Operation Oysterhood: Day Eighty-Seven

OYSTERHOOD is reclusiveness or solitude, or an overwhelming desire to stay at home.

— @HaggardHawks

585

Oysterhood with oysters – first oysters since the beginning of lockdown. A happy Karina.

Sunday morning of work-related reading and a little bit of pure pleasure reading. And some reading up on the Tangerine Troll Tulsa Tragedy. The Covid-19 pandemic is one thing, but this, this is a pandemic of a kind that will never be eradicated as long as people continue showing up to cheer for psychopaths.

I remember my favourite aunt once telling me about a tongue-in-cheek proposal she saw somewhere online: when the wall between US and Mexico is complete, Canada should also build one on its border with the US and the rest of us should chip in for the lid on top. If that egomaniac is re-elected, the US won’t deserve anything else.

After the oysters lunch, I was so energised (they do say that oysters are aphrodisiacs, but you know, lockdown and all) that I decided to fell some trees in my garden in the afternoon. There was a minor injury, and some blood, but nothing that a doctor of philosophy could not handle. And what needed to be done is done!

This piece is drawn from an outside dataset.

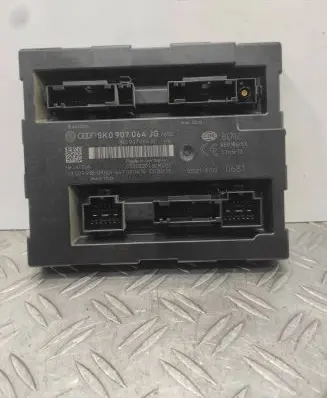 Audi A4 S4 B8 8K Comfort/convenience module 8K0907064JG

Afterwards, I made a fire and sat in front of it for a while with Glinka, resting. It is going to be a working Sunday evening, so I am posting this and returning to my duties.

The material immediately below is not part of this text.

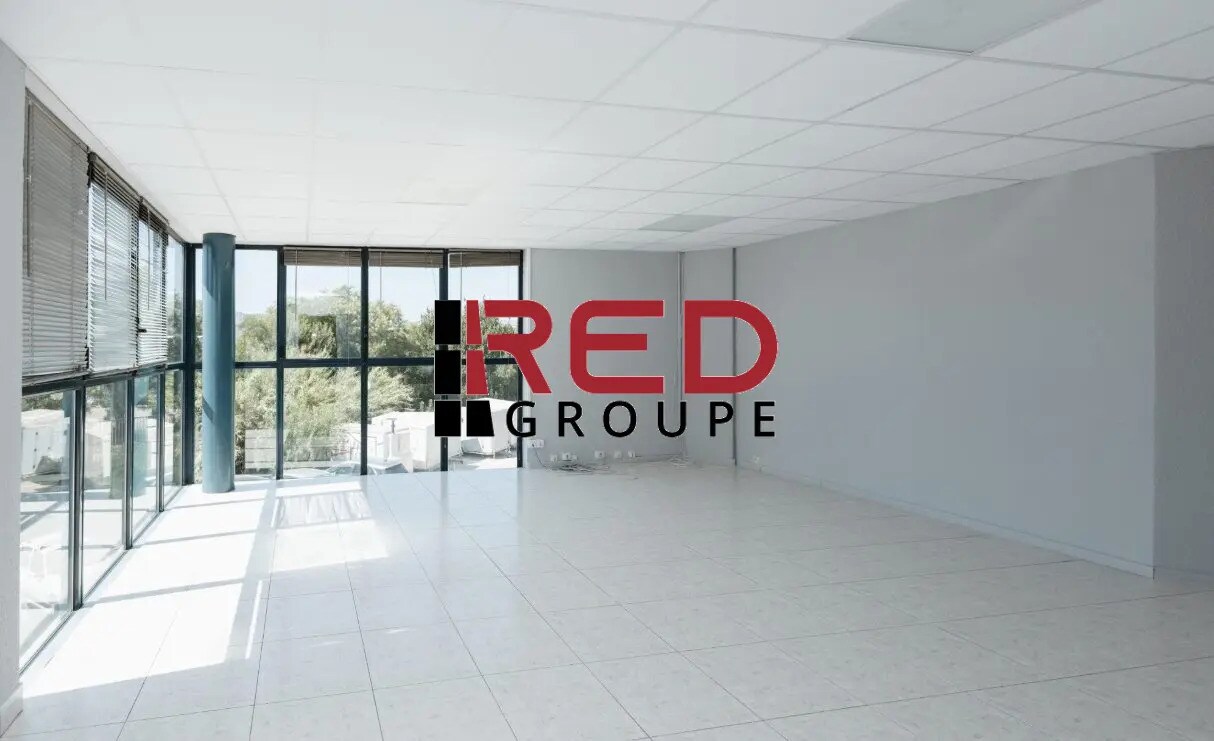 Office in Aubagne for sale Building Photo- Image 1 of 6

Today, many countries celebrate Father’s Day. We never did when we were children – the tradition did not exist in Poland at the time, and it is something that we never really managed to pick up from anywhere else during our migratory existence. Women’s Day (8 March), Mother’s Day (26 May), Children’s Day (1 June) – those three have always been big in Poland and we still celebrate all of them in the family, yet Father’s Day never caught on. But the internet tells me that it it was introduced in 1965 and it is always celebrated on 23 June in Poland. Interesting. When I was a little girl, I celebrated my Vatko every day, so maybe that is why he never missed the official celebration. Our relationship has transformed over the years and has reached a stage where we would probably both find it awkward trying to introduce Father’s Day celebrations into it. Anyway, Vatko has always been an excellent gift giver, but a very, very reluctant gift receiver. To organise anything involving him has also always posed a challenge (his understanding of time is different to most people – when Vatko says ‘I’ll be there on Wednesday’, he might show up on Friday, or the following Wednesday…). And, apart from anything else, nowadays we are hardly ever in touch – for no particular reason. When there is contact, it is positive, but otherwise we have nearly become strangers to each other, strangers with a treasure trove of shared memories from a distant past. The ebb and flow of family relationships… I must say, however, that no matter what else, I owe two things to my father that I thought a lot about today: he taught me to think for myself and to believe in the impossible; and, he taught me not to be afraid of tools, which is a very practical skill when you are a woman living on your own and have a tree or two in the garden that need taking care of…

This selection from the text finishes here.